▸ **DATA IN THIS EXERCISE**
________
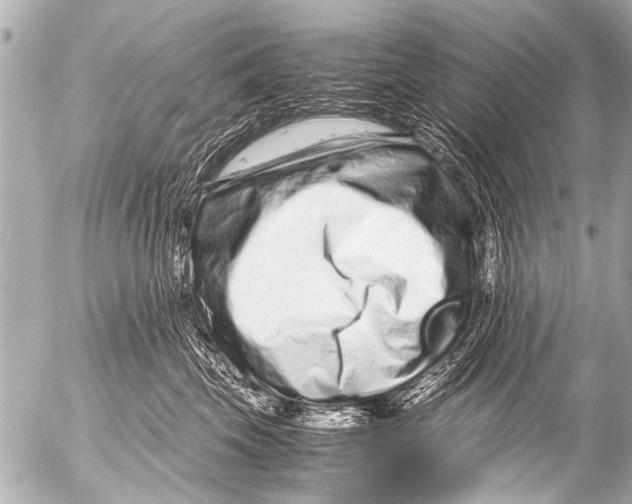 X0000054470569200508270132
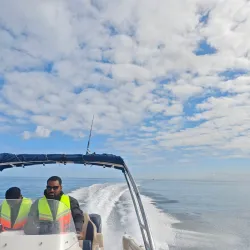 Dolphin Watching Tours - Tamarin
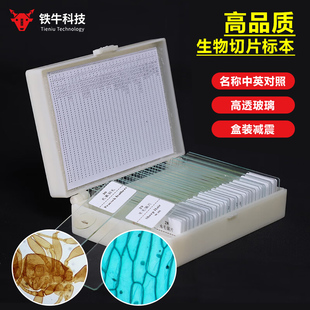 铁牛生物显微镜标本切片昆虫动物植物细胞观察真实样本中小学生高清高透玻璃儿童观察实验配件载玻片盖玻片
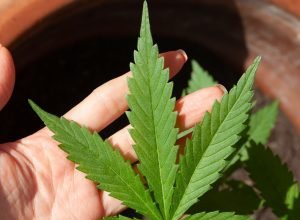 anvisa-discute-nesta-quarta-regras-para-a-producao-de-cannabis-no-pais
________
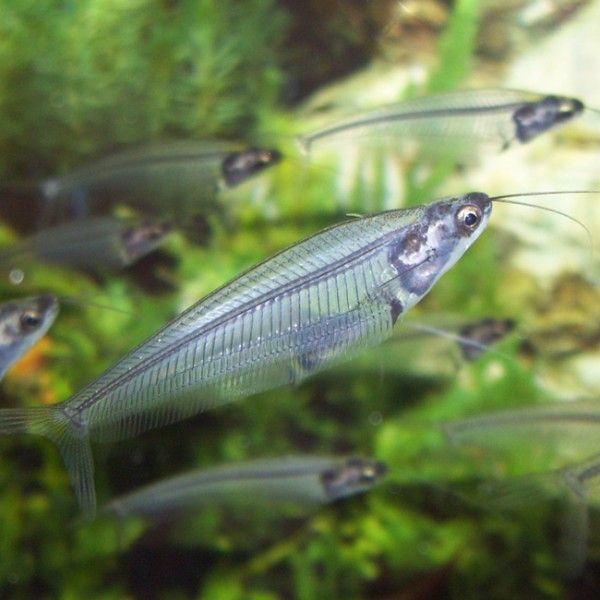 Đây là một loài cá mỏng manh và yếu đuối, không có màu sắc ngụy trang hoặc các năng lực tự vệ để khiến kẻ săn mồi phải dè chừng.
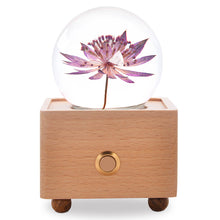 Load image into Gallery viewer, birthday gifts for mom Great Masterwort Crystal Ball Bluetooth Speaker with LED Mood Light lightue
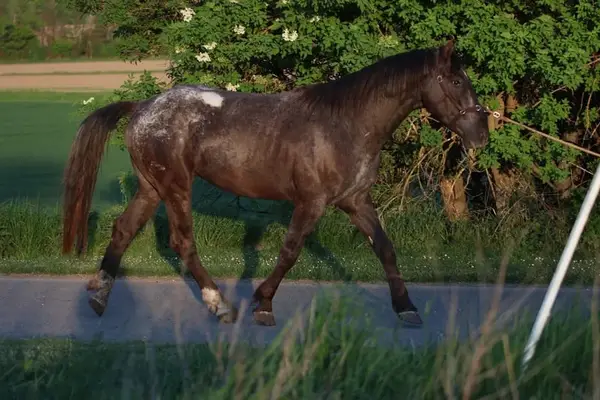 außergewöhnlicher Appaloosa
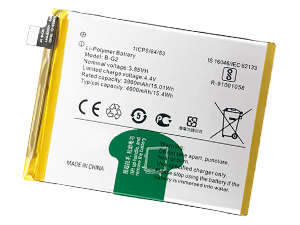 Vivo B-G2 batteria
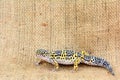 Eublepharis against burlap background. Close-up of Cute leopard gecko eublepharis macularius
________
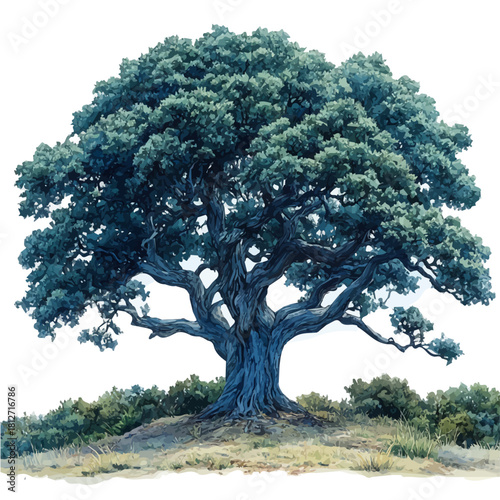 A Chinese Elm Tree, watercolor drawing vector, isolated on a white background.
________
▸ **PROBLEM REQUIREMENTS**
What should come back is an exact copy of the lines above from the line with "Vivo B-G2 batteria" to the line with "Eublepharis against burlap", both included, minus the pictures.

▸ **TASK OUTPUT**
 Vivo B-G2 batteria
 Eublepharis against burlap background. Close-up of Cute leopard gecko eublepharis macularius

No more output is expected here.